--- DATA SECTION ---

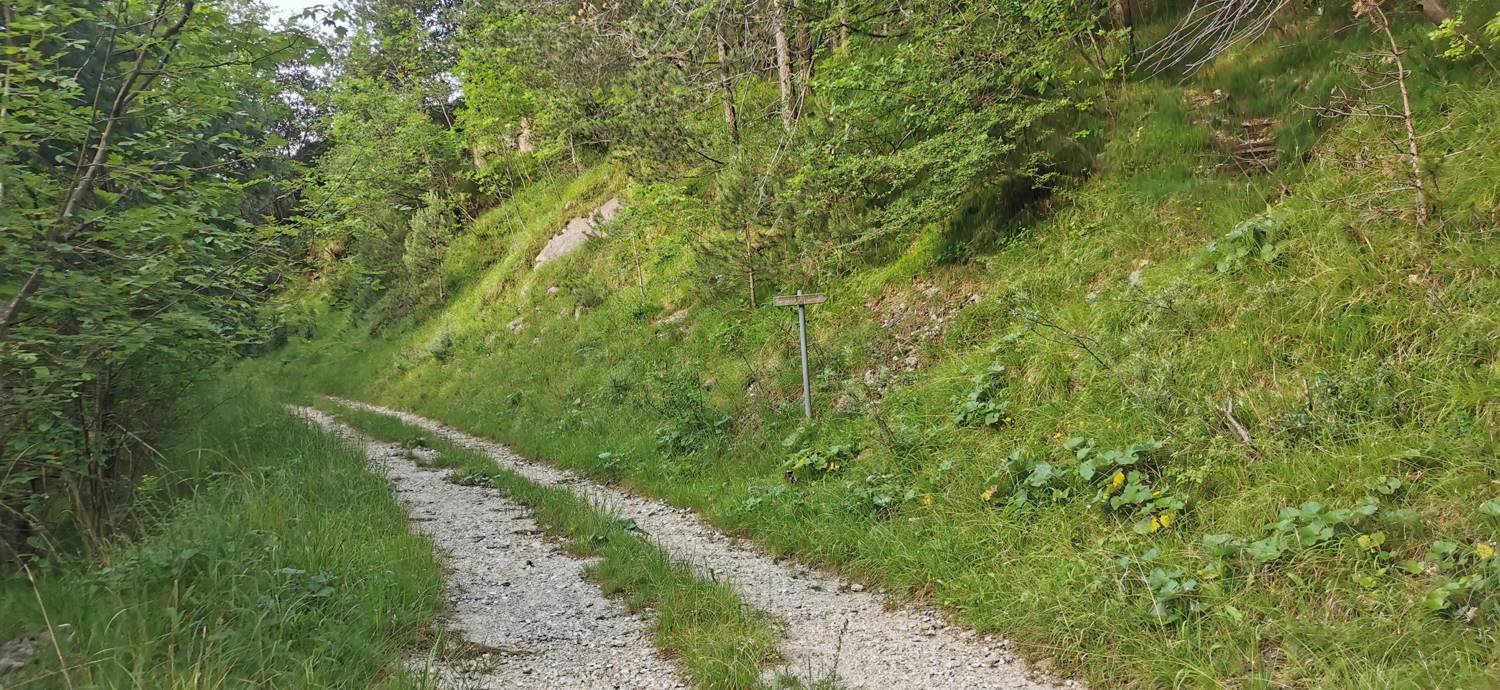 Breginj - Bivak pod Muzcem slika 35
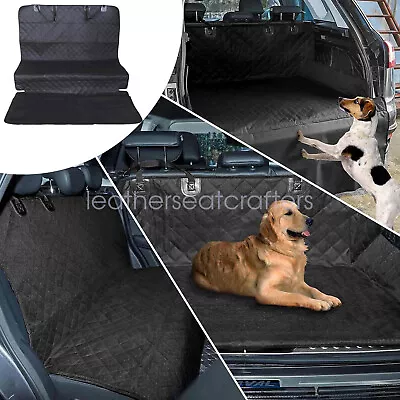 SUV Rear Trunk Floor Mat Liner Protector Cargo Carpet Cover Bumper Guard Shield • $22.94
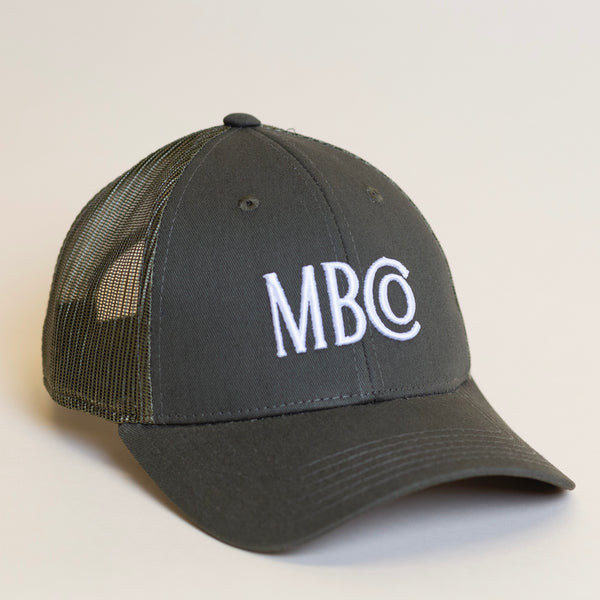 Olive MBC Low Crown Trucker Hat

--- PROBLEM DESCRIPTION ---
Reproduce exactly the lines above from the one with "SUV Rear Trunk" through the last line of the data, keeping both ends and dropping the pictures.

--- RESPONSE ---
 SUV Rear Trunk Floor Mat Liner Protector Cargo Carpet Cover Bumper Guard Shield • $22.94
 Olive MBC Low Crown Trucker Hat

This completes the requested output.